Exercise prompt —
Beginning with the first line, return the material verbatim and without pictures.

Collected material —

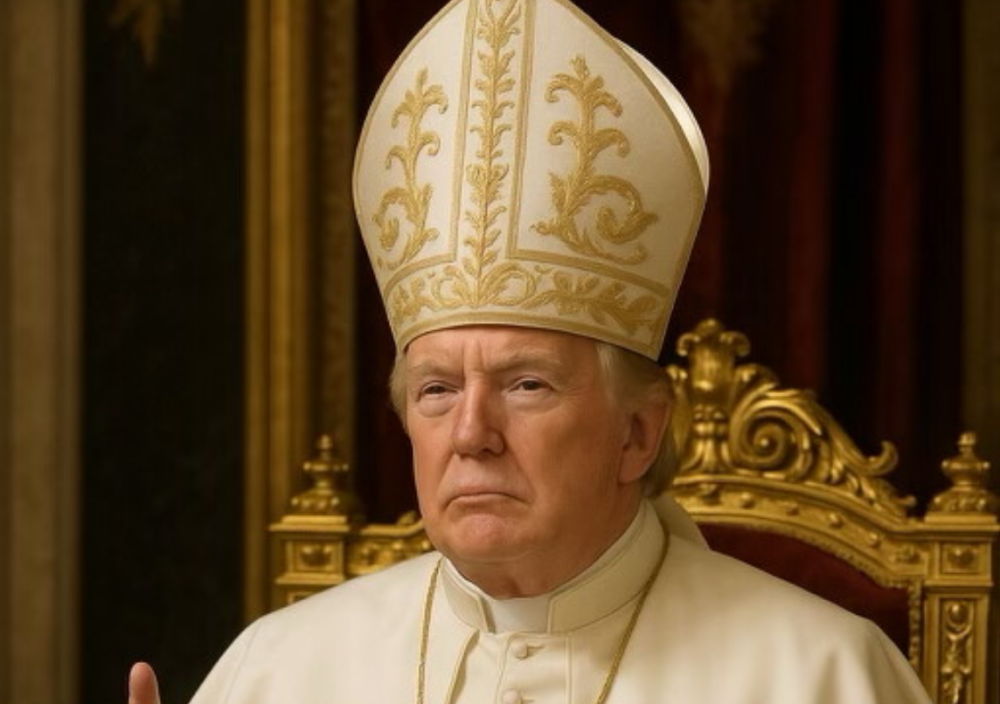 An AI-generated image of Donald Trump as the pope, which the US president posted on social media.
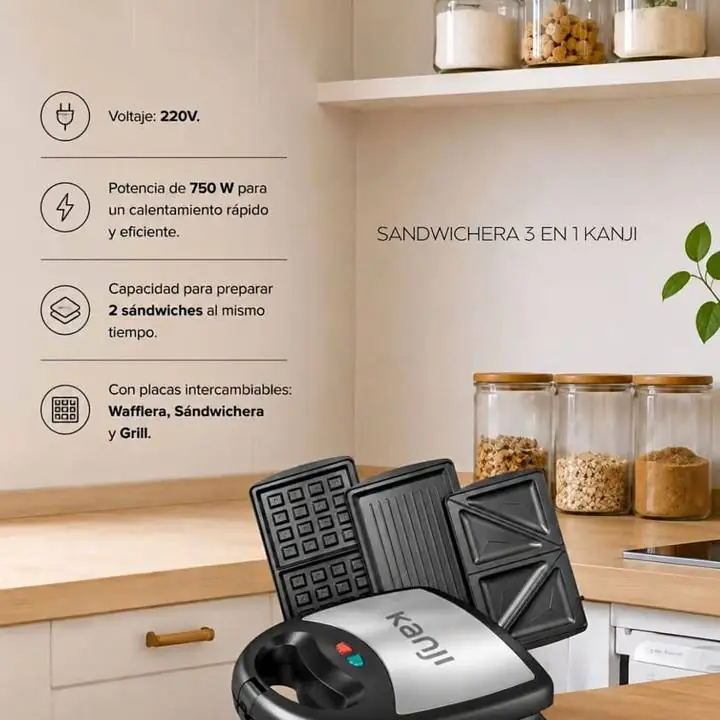 Sandwichera Kanji home 3 en 1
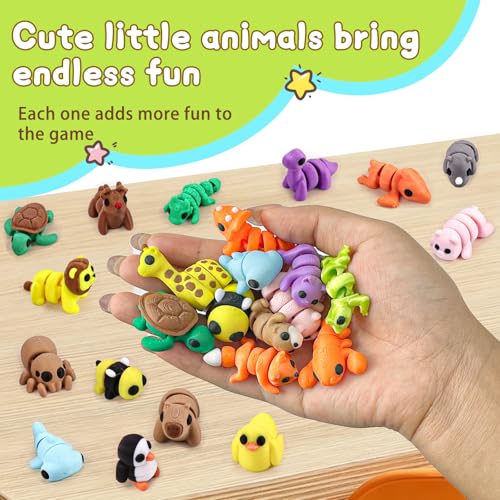 50-Piece 3D Printed Articulated Animal Figurines Set – Fidget Toys, Party Favors, Classroom Rewards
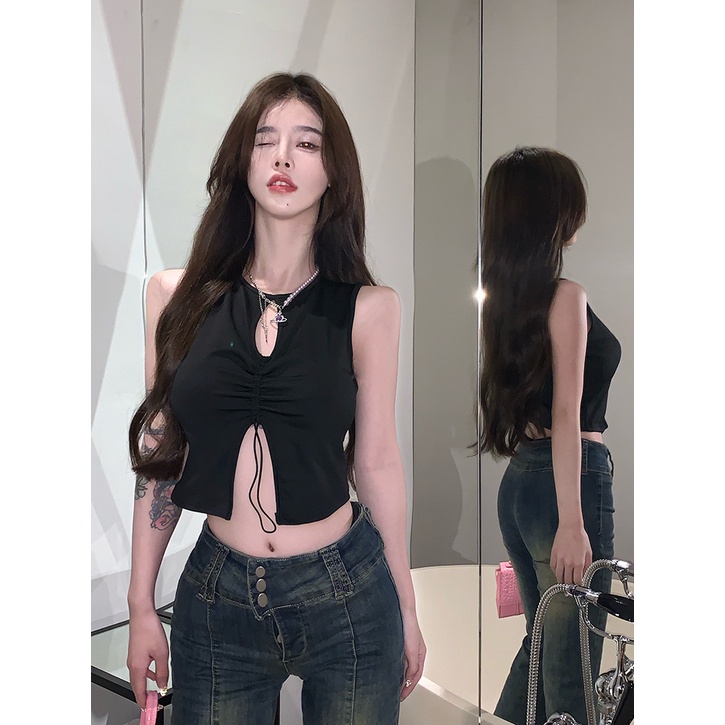 COZOK Áo Hai Dây Dáng Ngắn Form Ôm Thiết Kế Xếp Ly Cột Dây Quyến Rũ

Expected output —
 An AI-generated image of Donald Trump as the pope, which the US president posted on social media.
 Sandwichera Kanji home 3 en 1
 50-Piece 3D Printed Articulated Animal Figurines Set – Fidget Toys, Party Favors, Classroom Rewards
 COZOK Áo Hai Dây Dáng Ngắn Form Ôm Thiết Kế Xếp Ly Cột Dây Quyến Rũ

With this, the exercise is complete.